To Mareike Adams, natural disasters can teach us about the layout of our planet and how human activity is influencing it. Her course, Natural Disasters (ERTH 2415) began in July and the same lectures will be used in the Fall and Winter terms.

Q: What do you want students to get out of the class?

A: A bigger picture of what the Earth really consists of. . . I want students to understand why the Earth is shaped like it is, why we do we have mountain ranges, why do we have deep ocean basins . . . and what kind of forces internal and external create these kinds of landforms. And then from that, I want to talk about the different kinds of natural disasters. Things like earthquakes, volcanoes, why we get them in certain places and not other places, different types of them and how that affects the human infrastructure in our own society. So how we connect what’s natural with the Earth with how our behaviour is changing the different disasters.

Q: Can you give an example of how human behaviour is affecting natural disasters?

A: Hurricanes take their weather from warm seawater, from the warmth of the ocean—so we generally have hurricanes in much more southern latitudes than what we get up here. But because seawater and ocean temperatures are rising, we’re getting more sustained hurricanes, we’re getting stronger hurricanes, and actually a [greater] number of hurricanes are affecting us, and they’re moving further north as well.

Q: How has the societal impact of natural disasters changed over the course of human history?

A: A big one is how we’re getting better at preparing for different events—for example, a lot of cities that are close to areas where you get a lot of earthquake activity are going back and retrofitting large buildings and even smaller buildings so that they can withstand more ground shaking.

We’re also trying to put in ways to mitigate [disasters] before they even happen—for example, early warning systems like Japan have gotten far enough ahead where they can stop bullet trains [before an earthquake hits].

Q: You say we’re getting better in certain areas, which areas are we not getting better in?

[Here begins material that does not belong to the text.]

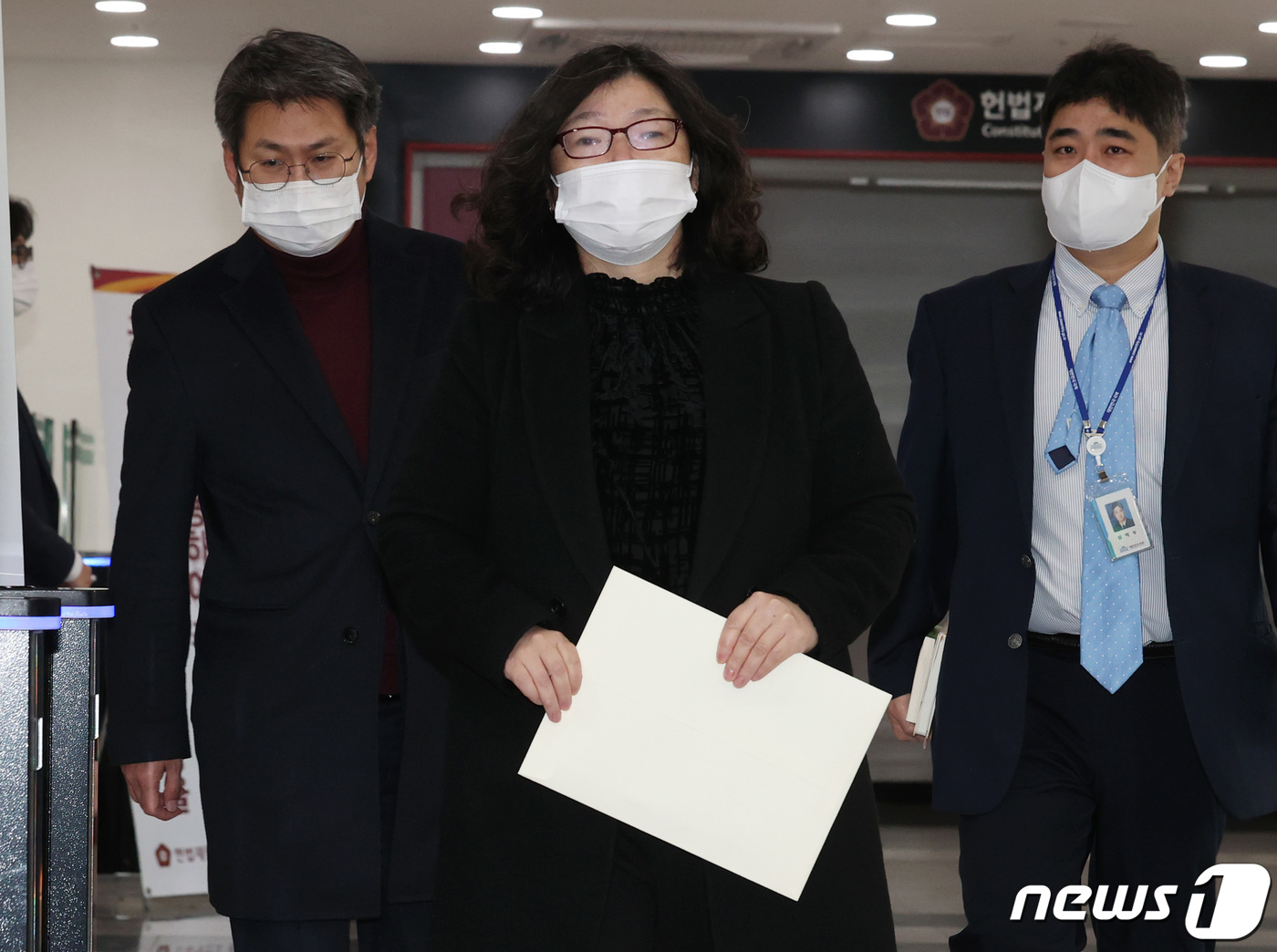 (서울=뉴스1) 구윤성 기자 = 정성희 국회 법제사법위원회 수석전문위원이 9일 오전 서울 종로구 헌법재판소에서 이상민 행정안전부 장관 탄핵 소추 의결서를 제출하기 위해 접수실로 향 …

A: There’s a lot of place in the world that don’t have these kinds of systems in place and they’re still suffering greatly. [The Haitian Earthquake] was only a magnitude seven but it killed over 300 thousand people due to the poor building codes, whereas we got a magnitude seven in California and it only killed 20 people, for example.

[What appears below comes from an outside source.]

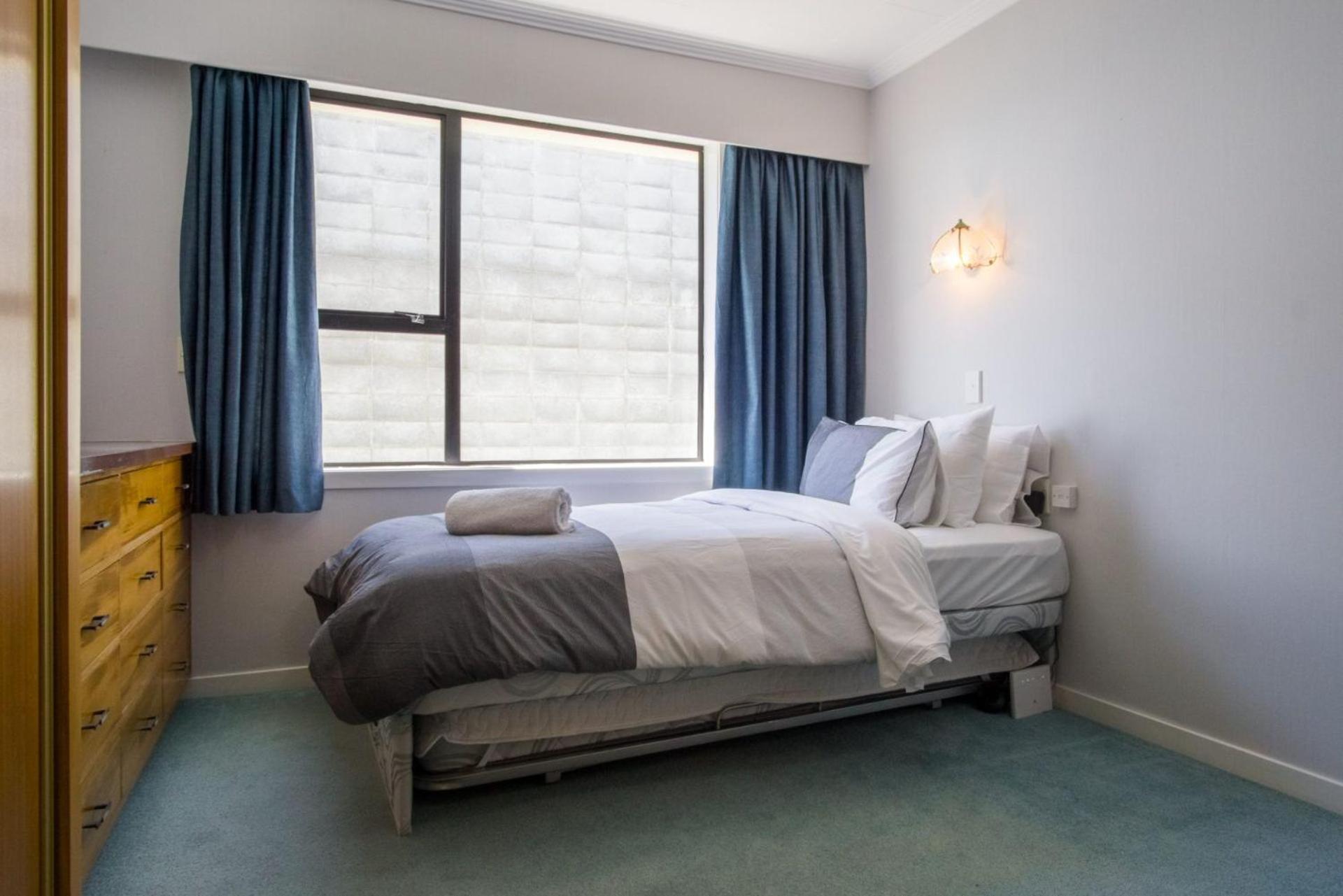 Waterfront On Woolcombe - 4BR holiday apartment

Q: What would you say to someone who doesn’t believe that climate change will affect them because they live in a first world country?

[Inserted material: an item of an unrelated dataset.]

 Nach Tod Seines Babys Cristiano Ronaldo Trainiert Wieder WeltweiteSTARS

A: That’s very misinformed. Huge problems like pollution are going to affect everybody.  The idea that Canada is going to be a tropical paradise is quite foolish. A lot of Canada is going to be uninhabitable due to water shortage and temperature. And we’re going to have big immigration issues, as we’re seeing in places like Europe. But it’s also for the global health of our planet that we all live in—the loss of natural places, natural resources like water, and other species as well.

Our earth is such a dynamic planet. It’s always in flux, it’s always changing. But also it’s a really interesting and amazing place. And it would be sad if we didn’t start taking care of it better.